In the cook distance, there exist some pints greater than 0.115.
e1.cook <- cooks.distance(e1.lm.final.stepwise)
plot(e1.cook,col="darkblue",pch=19,cex=1)
e1.inf.id <- which(cooks.distance(e1.lm.final.stepwise) > 0.115)
e1.inf.id
## 129
## 129
d1.remove.inf <- d1[-e1.inf.id,]
dim(d1.remove.inf)
## [1] 399 10
e1.lm.final.stepwise.after.elimination <- lm(Weight ~ MomWtGain+MomSmoke+Black , data=d1.remove.inf)
summary(e1.lm.final.stepwise.after.elimination)
##
## Call:
## lm(formula = Weight ~ MomWtGain + MomSmoke + Black, data = d1.remove.inf)
##
## Residuals:
## Min 1Q Median 3Q Max
## -2427.02 -309.20 2.98 315.40 1472.75
##
## Coefficients:
## Estimate Std.

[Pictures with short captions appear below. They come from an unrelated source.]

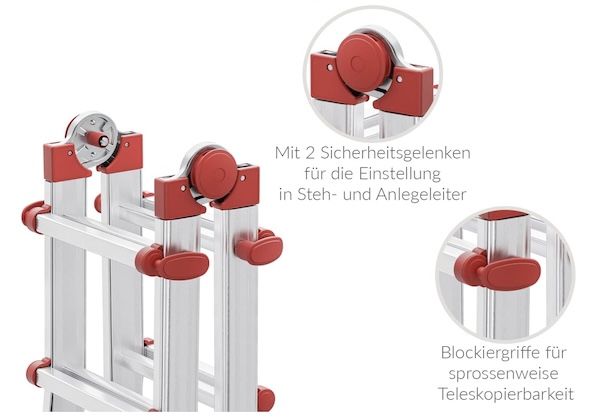 🪜 Hailo M80 Alu Multifunktionsleiter (Teleskop & Gelenk) mit 4 x 5 Sprossen für 198€ (statt 271€)
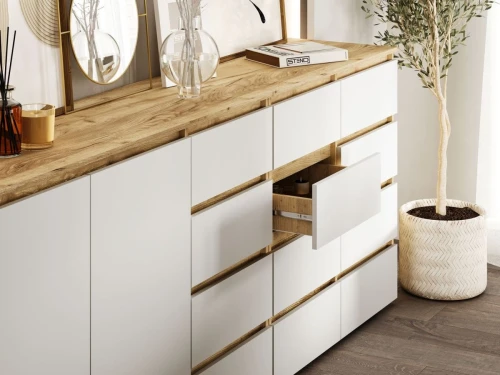 Комод «Хелен» КМ-03 5 ящиков, белый/дуб крафт золотой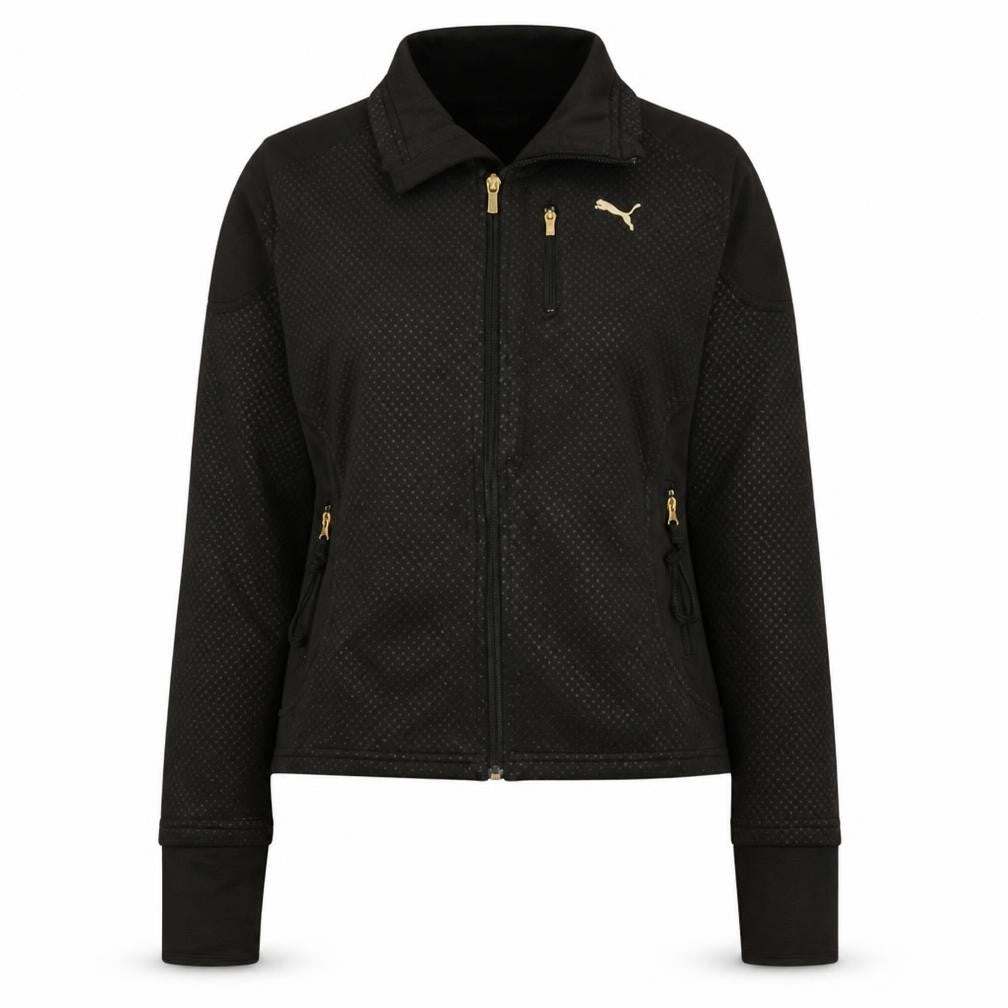 Puma Women Black Size 8 Track Jacket Full Zip Lightweight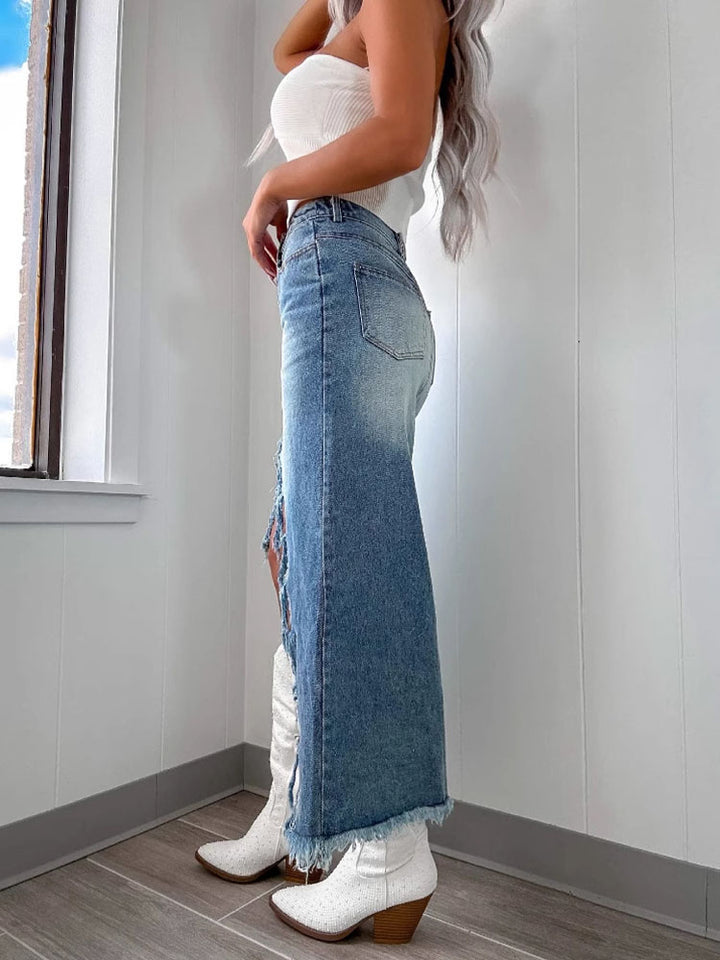 High Waist Raw Hem Denim Skirt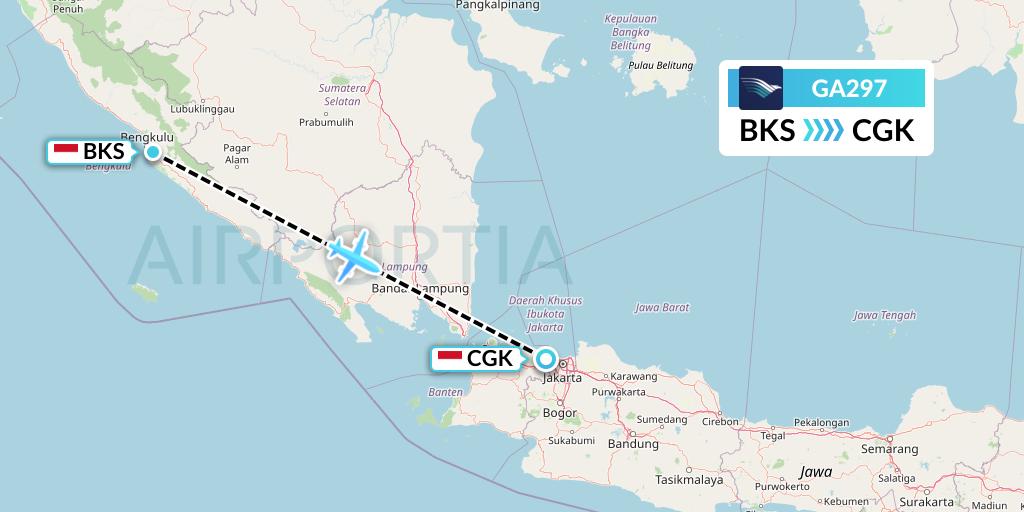 GA297 Garuda Indonesia Flight Map: Bengkulu to Jakarta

Error t value Pr(>|t|)
## (Intercept) 3434.252 32.078 107.059 < 2e-16 ***
## MomWtGain 13.112 2.113 6.204 1.39e-09 ***
## MomSmoke1 -238.923 76.251 -3.133 0.00186 **
## Black1 -198.519 78.022 -2.544 0.01133 *
## ---
## Signif. codes: 0 '***' 0.001 '**' 0.01 '*' 0.05 '.' 0.1 ' ' 1
##
## Residual standard error: 542.2 on 395 degrees of freedom
## Multiple R-squared: 0.1366, Adjusted R-squared: 0.1301
## F-statistic: 20.84 on 3 and 395 DF, p-value: 1.493e-12
par(mfrow=c(2,2))
plot(e1.lm.final.stepwise.after.elimination,which=1:4,col="darkblue")
3) How much of the variation in Weight is explained by the final model?
Based on previous step:
It means 13.66% of variation in Weight explained by the model.
(4) Interpret the relationship between predictor variables (in the final model) and Weight value specifically.
Final linear regression model is:
ŷ = 3434.252 + 13.112 * MomWtGain - 238.923 * MomSmoke - 198.519 * Black
β0 = 3434.252 –> Intercept
β1 = 13.112 –> Indicates how much increasing/decreasing in ŷ when one unit increase/decrease in β1 (MomWtGain).
β2 = -238.923 –> Indicates how much increasing/decreasing in ŷ when one unit increase/decrease in β2 (MomSmoke).
β3 = - 198.519 –> Indicates how much increasing/decreasing in ŷ when one unit increase/decrease in β3 (Black).
MomWtGain: MomWtGain has positive effect on weight .There is 13.112 units of increase in infant weight per 1 unit increase in MomWtGain.
MomSmoke1: MomSmoke1 has negative effect on weight. There is -238.923 units of decrease in infant weight for smoking mothers.
Black1 : Black1 has negative effect on weight . There is -198.519 units of decrease in infant weight for black mothers.